Looks like you have sent the old version. The below mentioned comments
are not addressed in v2.

Oops. Glitch in the Matrix. I've just pushed a V3 with the changes.

I'm assisting Harry on the sample app, and have just pushed up a V2 patch
based on your feedback. I've addressed most of your suggestions, comments
below. There may still a couple of outstanding questions that need further
discussion.
A few general comments:
1) Nikhil/Gage's proposal on ethdev rx to eventdev adapter will change the major
portion(eventdev setup and producer()) of this application
2) Producing one lcore worth of packets, really cant show as example
eventdev application as it will be pretty bad in low-end machine.
At least application infrastructure should not limit.

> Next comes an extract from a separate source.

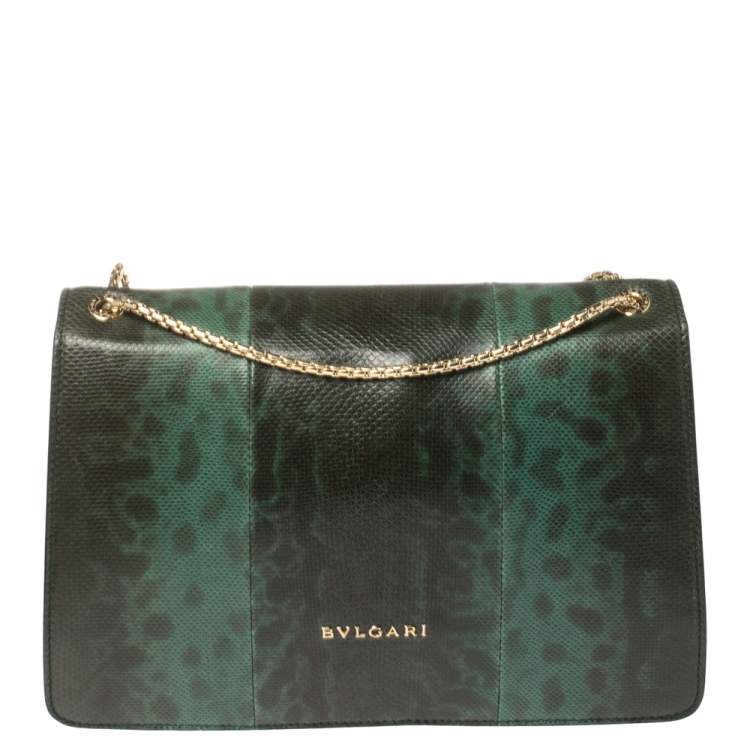 Pre Owned Bvlgari Green Lizard Medium Serpenti Forever Shoulder Bag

Considering above points, Should we wait for rx adapter to complete
first? I would like to show this as real world application to use eventdev.

Thoughts?

On the same note:
Can we finalize on rx adapter proposal? I can work on v1 of patch and
common code if Nikhil or Gage don't have bandwidth. Let me know?

last followup:
http://dpdk.org/ml/archives/dev/2017-June/068776.html

I had a quick chat with Harry, and wonder if we'd be as well to merge the app as it is now, and as the new frameworks become available, the app can be updated to make use of them? I feel it would be better to have something out there for people to play with than waiting for 17.11.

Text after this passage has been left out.